Se ríe de aquel chaval en el metro, o se reiría si no fuese porque ya nadie puede reírse en voz alta sin que le acusen de atentar contra la salud mental y le crucifiquen en redes sociales. Por eso se limita a poner los ojos en blanco con la amargura del que sabe que tiene razón pero que el mundo jamás se la va a dar.

El chico tendrá veinte años, pelo verde desteñido, pulserita con un lema a favor de lo bueno y en contra de lo malo, piercings hasta en los párpados, auriculares enormes de marca y una camiseta con la cara del Che comprada probablemente a cincuenta euros en una tienda del centro pero importada de un taller en Camboya. Y habla por teléfono de la opresión capitalista, de la falta de identidad y de la necesidad de ser uno mismo. Por eso se ríe. Porque el chaval es incapaz de ver su propia incongruencia de subversivo de Zara.

Mientras lo observa, piensa que la rebeldía ya no está ahí. No hace falta tener mucho cerebro para entender que tatuarse los brazos y decir que no crees en nada no es rebelarse, sino apuntarse al catálogo oficial de lo permitido. La vida moderna ya ha domesticado ese gesto. Lo raro, lo verdaderamente subversivo, lo incómodo de verdad, es levantarse un domingo temprano para ir a misa, decir que el matrimonio es algo serio y volver a casa el viernes al terminar el trabajo para llevar a tus hijos al parque. Eso sí es morderle la mano al signo de los tiempos.

Mira alrededor. Todo el vagón está lleno de clones del mismo molde: móvil en la mano, vida reducida a stories y hashtags, la libertad de consumir lo que toca y repetir las consignas que la sociedad aprueba sin planteártelas ni por un momento. Sin disentir. Sin romper el “consenso social”.

Cambio climático, LGTB, globalismo. Palabras enormes que ya no significan nada, pero que juntas forman el corpus de la nueva religión imperante. La que él no sigue. La que dice que la suya es retrógrada y esclavizante al mismo tiempo que le impone cómo vivir en pro de no sabe muy bien qué. Porque hablar de la Santísima Trinidad es dogmático y de mentes cerradas pero de Mahoma es una costumbre que hay que respetar. Paradojas y oxímoron contra los que no se puede luchar.

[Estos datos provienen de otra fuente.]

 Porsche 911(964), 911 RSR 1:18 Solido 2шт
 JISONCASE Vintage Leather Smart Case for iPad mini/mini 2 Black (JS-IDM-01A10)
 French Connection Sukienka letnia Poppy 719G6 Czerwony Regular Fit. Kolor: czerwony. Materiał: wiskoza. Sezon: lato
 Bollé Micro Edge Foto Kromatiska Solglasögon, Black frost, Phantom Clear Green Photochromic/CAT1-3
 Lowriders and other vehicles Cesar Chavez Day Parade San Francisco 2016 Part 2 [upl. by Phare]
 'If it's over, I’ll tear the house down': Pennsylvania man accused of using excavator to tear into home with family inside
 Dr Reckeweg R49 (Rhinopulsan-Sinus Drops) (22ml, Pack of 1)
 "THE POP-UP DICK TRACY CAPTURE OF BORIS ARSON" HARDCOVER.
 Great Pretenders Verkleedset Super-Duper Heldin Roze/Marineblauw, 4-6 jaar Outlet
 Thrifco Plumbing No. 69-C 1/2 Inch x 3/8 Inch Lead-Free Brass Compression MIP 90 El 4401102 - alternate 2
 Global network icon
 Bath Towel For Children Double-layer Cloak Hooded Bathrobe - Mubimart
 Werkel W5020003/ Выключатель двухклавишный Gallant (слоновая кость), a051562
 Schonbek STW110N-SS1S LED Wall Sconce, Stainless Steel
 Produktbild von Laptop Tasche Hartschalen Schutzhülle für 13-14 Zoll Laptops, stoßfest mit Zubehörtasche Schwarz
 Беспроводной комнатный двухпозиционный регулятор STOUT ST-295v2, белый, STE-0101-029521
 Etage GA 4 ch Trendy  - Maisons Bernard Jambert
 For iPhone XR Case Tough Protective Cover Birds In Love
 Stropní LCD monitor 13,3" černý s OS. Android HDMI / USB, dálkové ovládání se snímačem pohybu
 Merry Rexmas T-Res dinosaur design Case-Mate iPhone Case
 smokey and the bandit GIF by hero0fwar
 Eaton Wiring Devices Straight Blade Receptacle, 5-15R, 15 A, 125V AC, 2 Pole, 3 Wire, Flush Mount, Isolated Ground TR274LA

Se rasca la barba. Él, con su camisa planchada, su anillo de casado, su fe que nadie entiende, es más punk que todos esos aprendices de rebeldes de centro comercial. Porque él sí se juega algo. Lo miran como a un bicho raro cuando dice que cree en Dios. Se burlan cuando defiende la idea de deber, de sacrificio, de compromiso. Le dicen retrógrado, carca, reaccionario. Y no se dan cuenta de que justo en ese insulto está la confirmación: va contra la corriente, contra el sistema que predica carpe diem mientras encadena a todos con vidas efímeras y ansiolíticos.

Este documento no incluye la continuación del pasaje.